Peggio di così è difficile, ho firmato i referendum e da qui si può solo risalire. Però bisogna continuare ad avere un’ostinata fiducia nella giustizia, e la si ha solo dopo che ti ha graffiato la carne. I moralisti che si ammantano di rispetto e fiducia quando ha graffiato la carne degli altri sono solo opportunisti. Se parla Silvio Berlusconi gli credo, se altri no.
Cosa le è rimasto dell’esperienza in carcere?
Non è stato un tempo sterile ma produttivo, lì dentro c’è un’umanita straordinaria. Diceva Oscar Wilde, che lo ha subìto: «Dove dimora il dolore, il suolo è sacro». Nelle carceri italiane purtroppo manca il vero rispetto. Un giorno un pluriergastolano mi disse: «Amico mio, capirai il senso della vita quando riuscirai a comprendere che perfino questi cinque anni sono stati un tesoro». Uno che non uscirà mai ha dato valore alla mia vita.
Lei fu additato come nemico di Giovanni Falcone e diventò la prima vittima degli hater della rete.

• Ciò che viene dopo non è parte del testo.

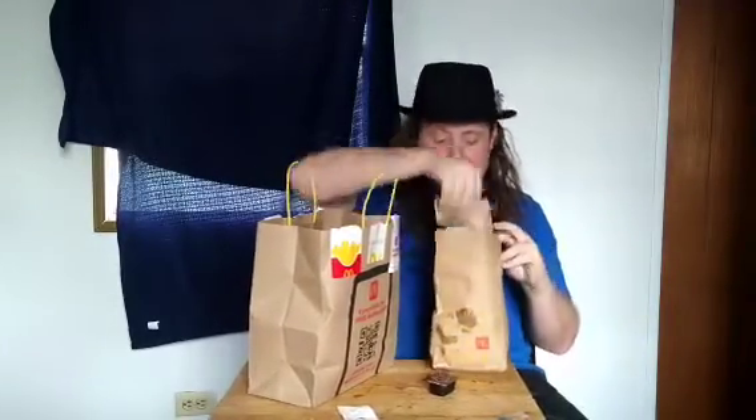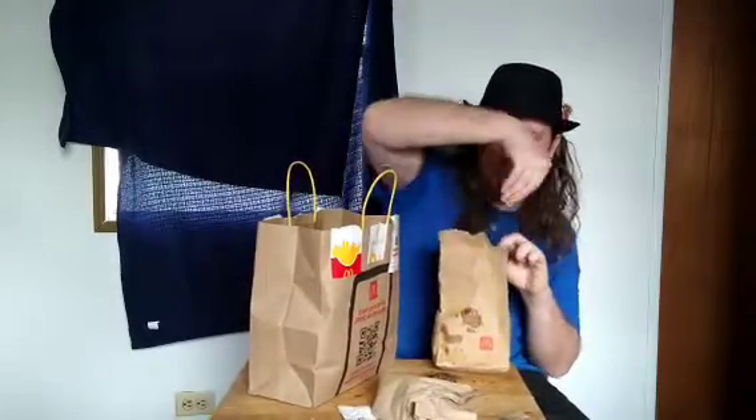I am just going to dip it in a fry or something in a burger. I'm going to dip a french fry in it and then dip it in a burger.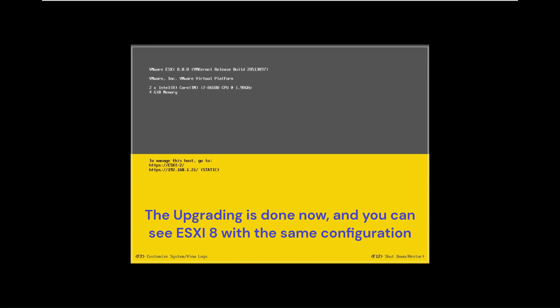The upgrading is done now, and you can see ESXi 8 with the same configuration.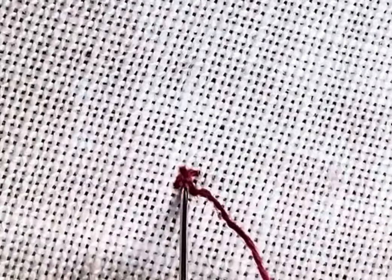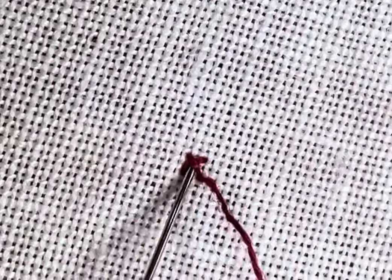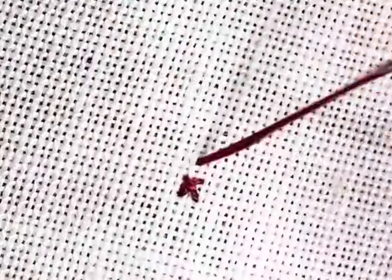Now I want to go back in through that center, so I'm going to wiggle my needle into that center. I try not to pierce the threads, and then I get a tug. Then I like to pull my needle up through — when I'm finishing, I pull it up to the top of my fabric.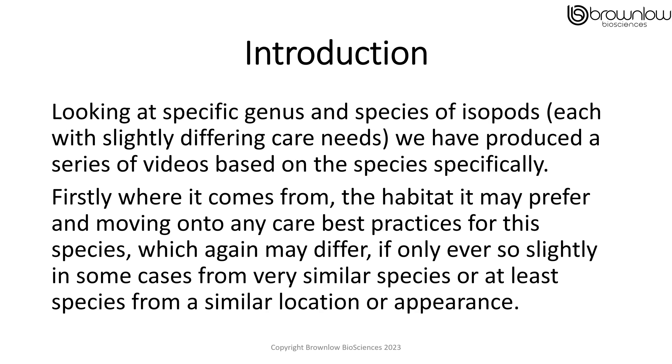Looking at specific genus and species of isopods, each with slightly differing care needs, we've produced a series of videos based on the species specifically. Firstly, where it comes from, the habitat it might prefer, and moving on to any care best practice for this species, which again may differ, if only ever so slightly in some cases, from a very similar species, or at least a species from a similar location or appearance.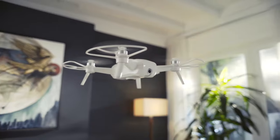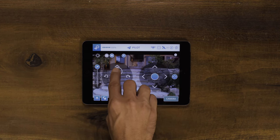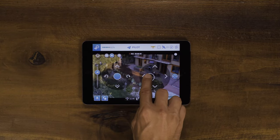Use Pilot Mode's manual controls to customize your shots. Pilot Mode is where you have complete control of Breeze. On the left side of the UI, you control the altitude and yaw or spin of Breeze. On the right side, you control the lateral movement including forward, back, left, and right.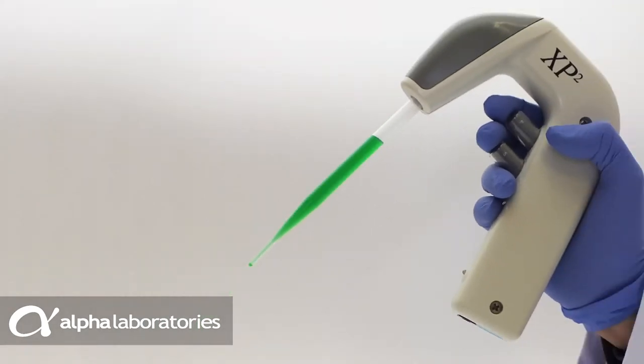Aspirator pastettes are the best choice for delicate and valuable cell lines and a must-have for work with infectious and hazardous materials.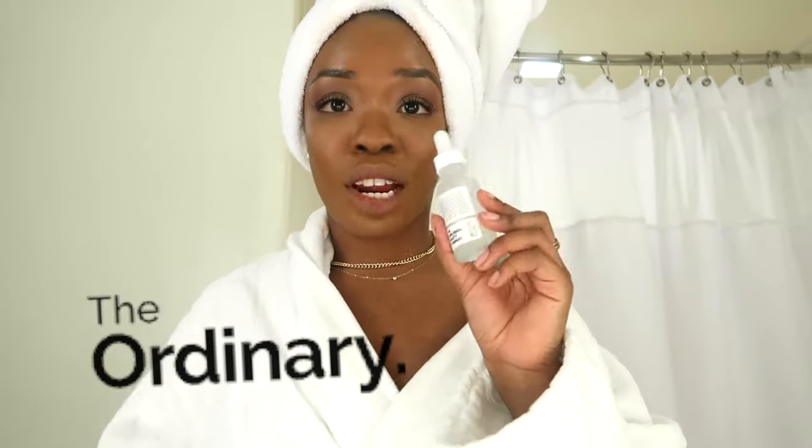Hey guys, welcome back to my channel. This video is going to be a little bit different — I wanted to come on here and show you guys how I do my entire skincare routine using all of The Ordinary products. Not just how I use the products, but how I layer them, walking you through step by step what to put on first, what to put on after, what not to mix, what to mix. This is going to be a morning and night routine.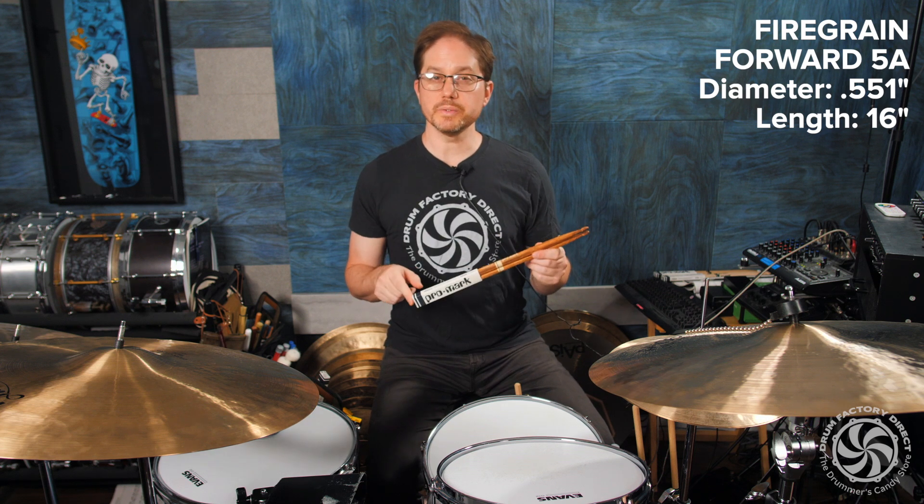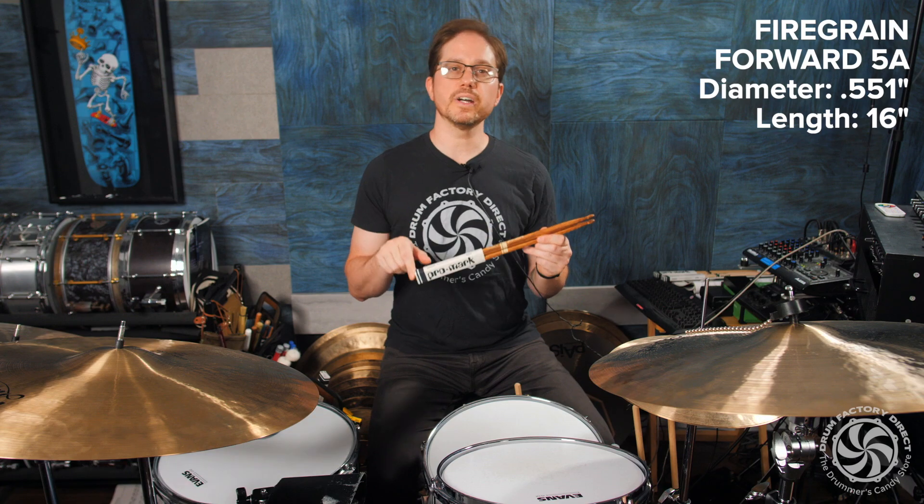If you're looking for a 5A stick with a bit more durability and a slightly brighter sound, try the Firegrain FWD 5A by Promark.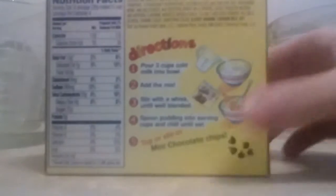There are basically five steps: pour two cups of cold milk into a bowl, add the mix, stir with the whisk until well blended, spoon pudding into serving cups, and chill until it's set — which means freeze — which will take probably about 45 minutes or an hour. Then once you're done, top or stir in mini chocolate chips.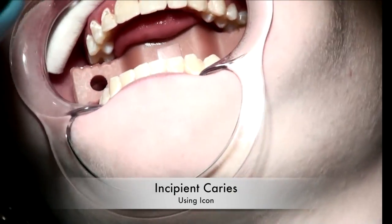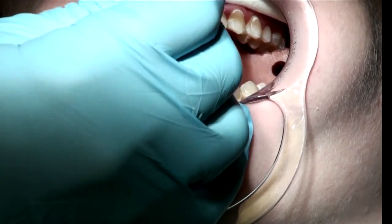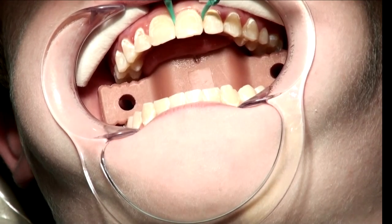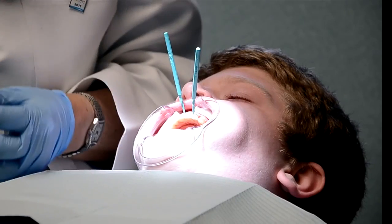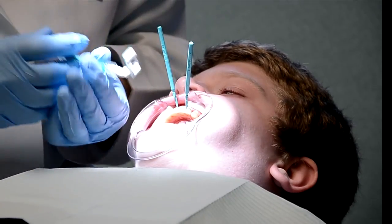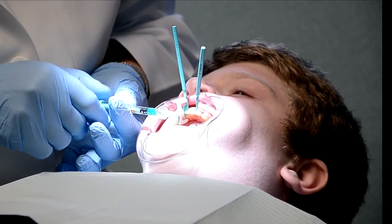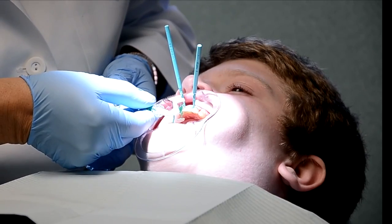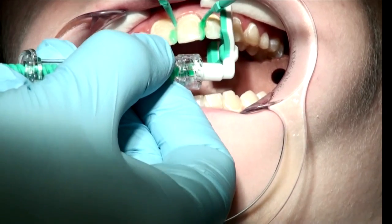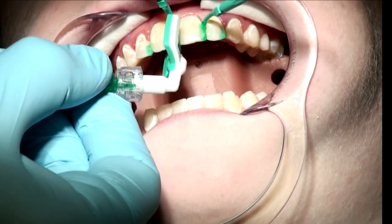All right Jason, the first thing we're going to do is place some wedges between your teeth. These are custom wedges that have been designed by Icon, and they're used to separate your teeth ever so slightly. The second thing we're going to do is take 15% hydrochloric acid, which is an etch solution. This etch solution is going to be placed interproximally with a special delivery system. Prior to starting Jason's procedure, we've painted some clear rubber dam on. This etch solution opens up the pores of the teeth to allow capillary action of Icon to infiltrate into the incipient caries.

Mi rimane addosso l’indignazione. Nonostante una ventina di cause civili vinte, una anche contro Antonio Di Pietro, quell’immagine costruita appositamente contro Falcone rimane lì su YouTube. Ad attaccarlo non ero stato io, ma Leoluca Orlando. Mi hanno detto che il reato è prescritto, così continua a fare visualizzazioni nonostante le sentenze e le richieste a Google di cancellare.
Dov’era finito il medico di Raffadali negli ultimi cinque anni, prima di rifare la Dc?

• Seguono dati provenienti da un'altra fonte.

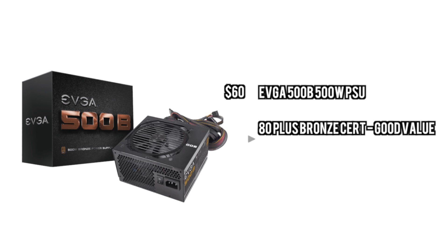For the power supply we are just going to go with some sort of value power supply here. This is EVGA's 500B 500W power supply. This will be able to power all the components very efficiently.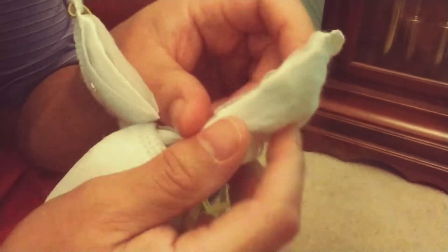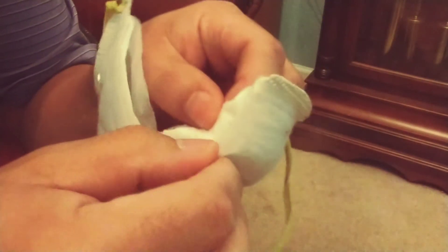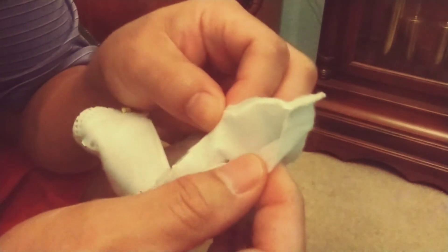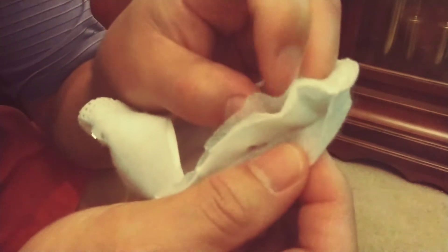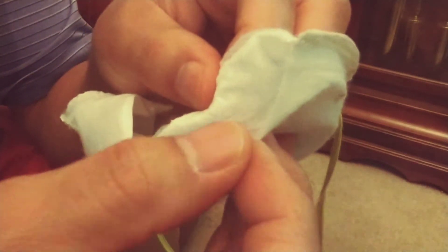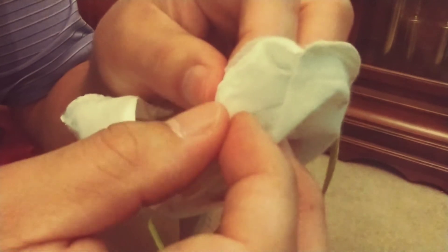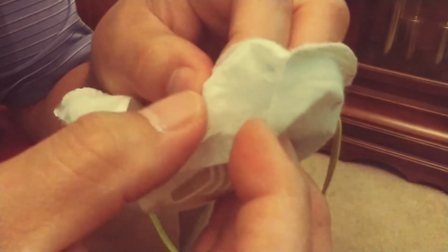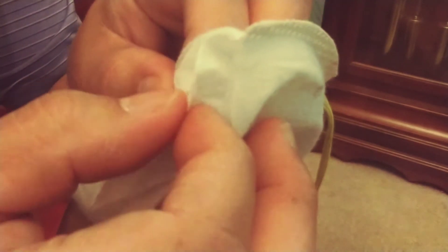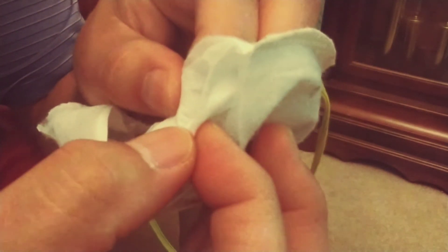This is what it looks like on the inside. You've got one pretty rough outer part, and then you can see another very thin layer. Then you've got a layer that looks like it can catch bigger particles. Then you get tinier layers — it comes like a cotton in there.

È diventato agricoltore: vino e fichi d’India. Sono stato interdetto in modo permanente dai pubblici uffici, non posso esercitare come iscritto all’albo. Non in Italia. Così sono andato a fare il medico in Africa, in due ospedali, per la onlus AiutiAmo il Burundi. Poi è arrivato il Covid e tutto si è fermato.
Che ruolo s’è ritagliato nel nuovo partito?
Sono il mediano di spinta e se anche potessi candidarmi non lo farei. Ho contezza della responsabilità che avverto sulle spalle. Offro aiuto, supporto, organizzazione, esperienza ma non chiederò mai più un voto per me.
Cosa resta oggi di Totò «vasa vasa»?
Nulla sotto il profilo politico, quasi tutto sotto il profilo umano; dal cuffarismo sono passato al cuffaresimo. Ma l’abbraccio della gente, il sorriso e l’empatia, quelli restano. E un po’ mi ripagano delle sofferenze.